# DeepChem

- [Installation](https://github.com/deepchem/deepchem#installation)
- [Tutorial](https://deepchem.readthedocs.io/en/latest/get_started/tutorials.html)
- [Sample Notebooks](https://github.com/deepchem/deepchem/tree/master/examples/tutorials) 

DeepChem has implementation of several different graph models. 

Some of the models are implemented by Keras and others are implemented by PyTorch. 

We compare several Keras & PyTorch models. 


**Additional Dependencies:**

Weave Model requires "TensorFlow Probability" library:
- https://www.tensorflow.org/probability
 
 
PyTorch models require "DGL" and "DGL LifeSci" to be installed:
- https://www.dgl.ai/
- https://github.com/awslabs/dgl-lifesci


**Documentation:**

https://deepchem.readthedocs.io/en/latest/api_reference/models.html#keras-models

https://deepchem.readthedocs.io/en/latest/api_reference/models.html#pytorch-models


**Note:**

https://deepchem.readthedocs.io/en/latest/api_reference/featurizers.html#graph-convolution-featurizers

Keras & PyTorch models use different featurizers. Also, some models have their own specific featurizer.
In summary:

- ConvMolFeaturizer and WeaveFeaturizer are used with graph convolution models which inherited Keras Model. 

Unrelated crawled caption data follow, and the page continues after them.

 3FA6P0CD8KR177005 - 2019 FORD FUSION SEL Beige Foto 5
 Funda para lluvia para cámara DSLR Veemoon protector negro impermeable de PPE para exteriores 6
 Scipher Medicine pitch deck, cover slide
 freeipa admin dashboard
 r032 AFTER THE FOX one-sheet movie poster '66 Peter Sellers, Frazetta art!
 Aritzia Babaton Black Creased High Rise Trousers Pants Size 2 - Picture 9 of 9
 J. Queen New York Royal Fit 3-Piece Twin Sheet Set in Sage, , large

- ConvMolFeaturizer is used with graph convolution models except WeaveModel. WeaveFeaturizer are only used with WeaveModel. 

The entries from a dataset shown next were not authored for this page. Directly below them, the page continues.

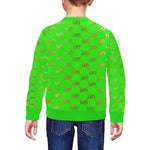 EXCELLENCE SKUNK All Over Print Crewneck Sweatshirt for Kids (Model H29)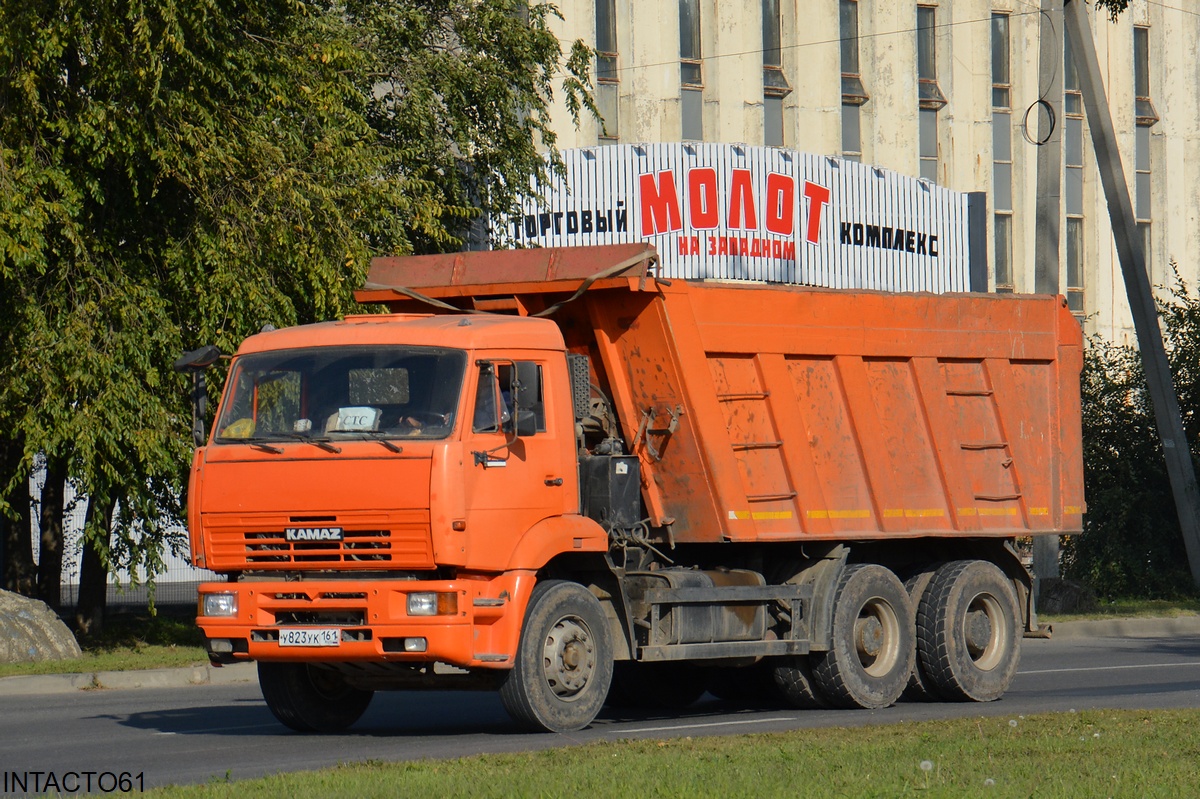 Ростовская область, № У 823 УК 161 — КамАЗ-6520 [652000]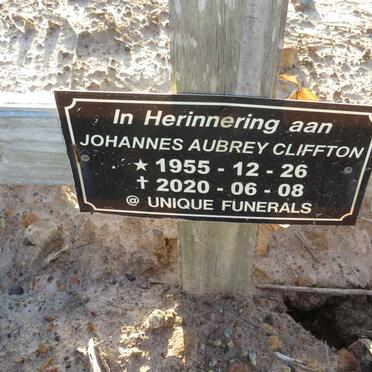 CLIFFTON Johannes Aubrey 1955-2020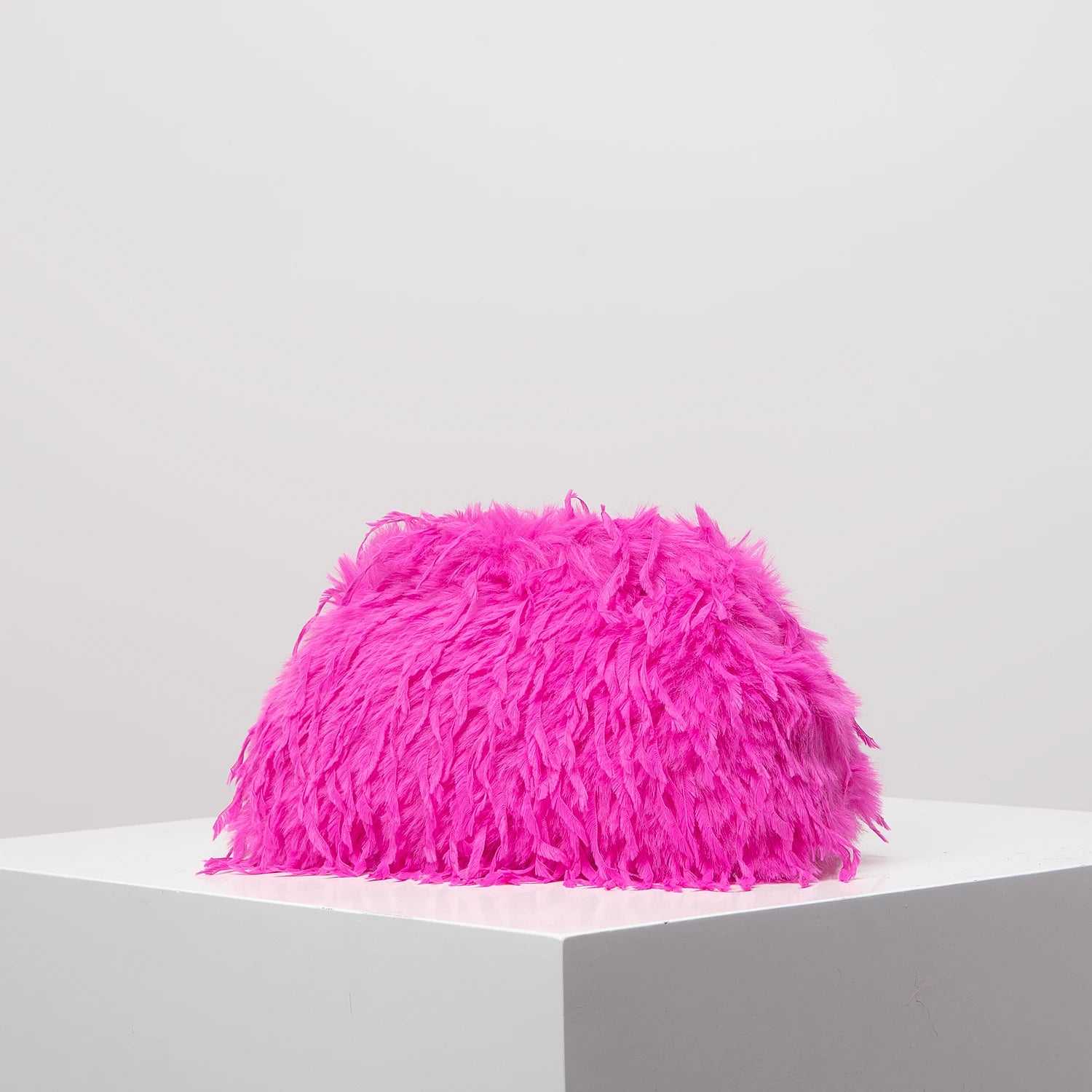 Dopamine-style clip bag, Y2K plush clutch bag, candy-colored women's purse, dinner dress clutch Beauty World Shop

- MolGraphConvFeaturizer is used with graph convolution models which inherited TorchModel. 


**Important:**

Before model fitting, test all graph featurizers on all data to be sure that featurizers work on all daat.


In [1]:
import numpy as np
import pandas as pd

import deepchem as dc

from sklearn.metrics import r2_score

# Parameters , Settings

In [2]:
data_filepath = './data/ESOL.csv'   

model_dir = './result'   # folder to save fitted model

n_tasks = 1   # No. of tasks (No. of dependent variables)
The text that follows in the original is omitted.